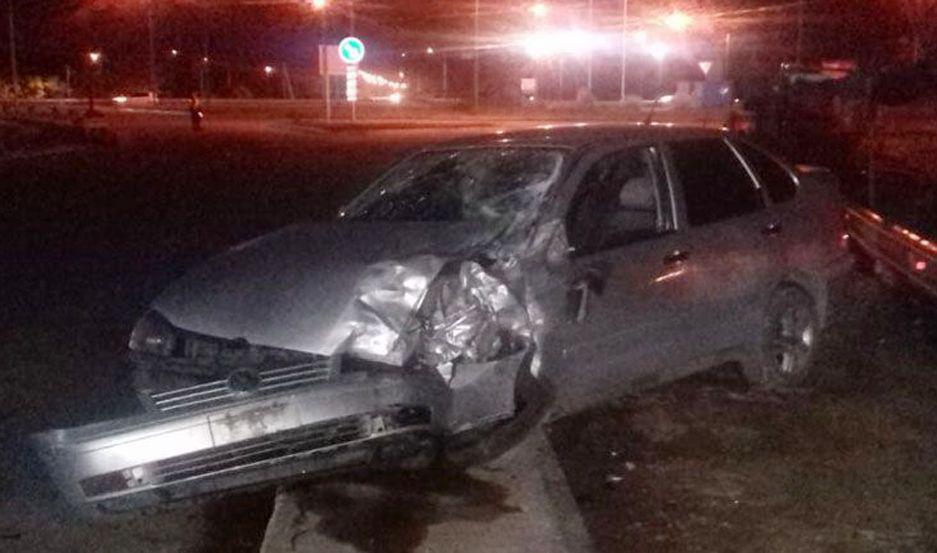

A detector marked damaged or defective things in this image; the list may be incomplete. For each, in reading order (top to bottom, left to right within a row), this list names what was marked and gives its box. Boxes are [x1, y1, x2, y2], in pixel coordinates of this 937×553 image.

shattered windshield [342, 149, 564, 224]
broken headlight [128, 308, 177, 356]
crumpled hood [152, 218, 498, 356]
severely damaged car [33, 126, 852, 512]
broken headlight [414, 262, 532, 368]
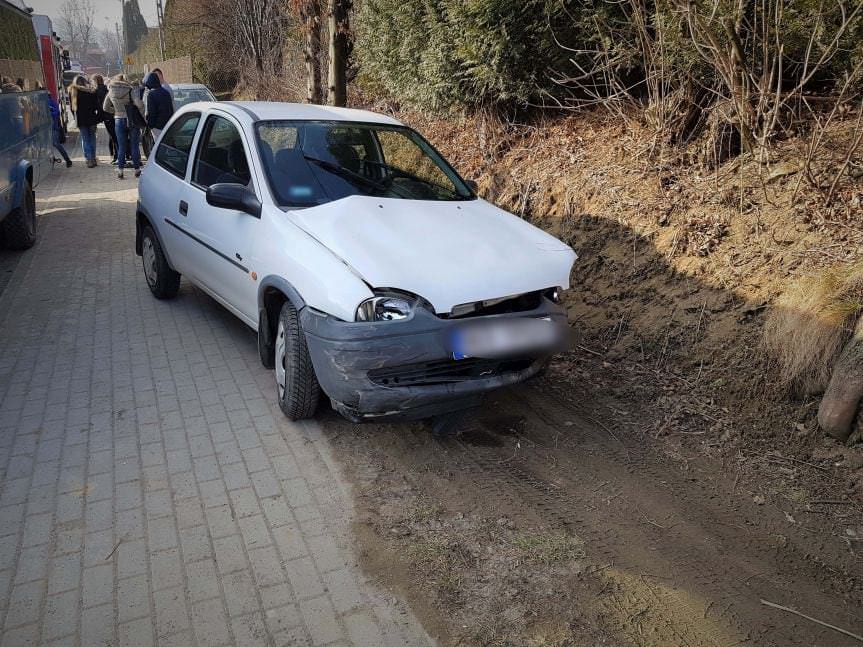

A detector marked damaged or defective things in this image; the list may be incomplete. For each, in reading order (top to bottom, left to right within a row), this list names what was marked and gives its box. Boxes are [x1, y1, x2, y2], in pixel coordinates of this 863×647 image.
************
**WHAT TO DO:** Nothing but the pictures is to be left out; the rest of the listing should be copied exactly.

**RESULT OF THE EXERCISE:**
A detector marked damaged or defective things in this image; the list may be incomplete. For each, in reading order (top to bottom, left to right within a row), this list names what was marked and gives its box. Boxes are [x1, y1, x2, y2], in pixel coordinates of this 937×553 image.

shattered windshield [342, 149, 564, 224]
broken headlight [128, 308, 177, 356]
crumpled hood [152, 218, 498, 356]
severely damaged car [33, 126, 852, 512]
broken headlight [414, 262, 532, 368]

A detector marked damaged or defective things in this image; the list may be incomplete. For each, in reading order (top to bottom, left to right within a row), this list names what was marked and gives its box. Boxes are [x1, y1, x2, y2], in pixel coordinates of this 863×647 image.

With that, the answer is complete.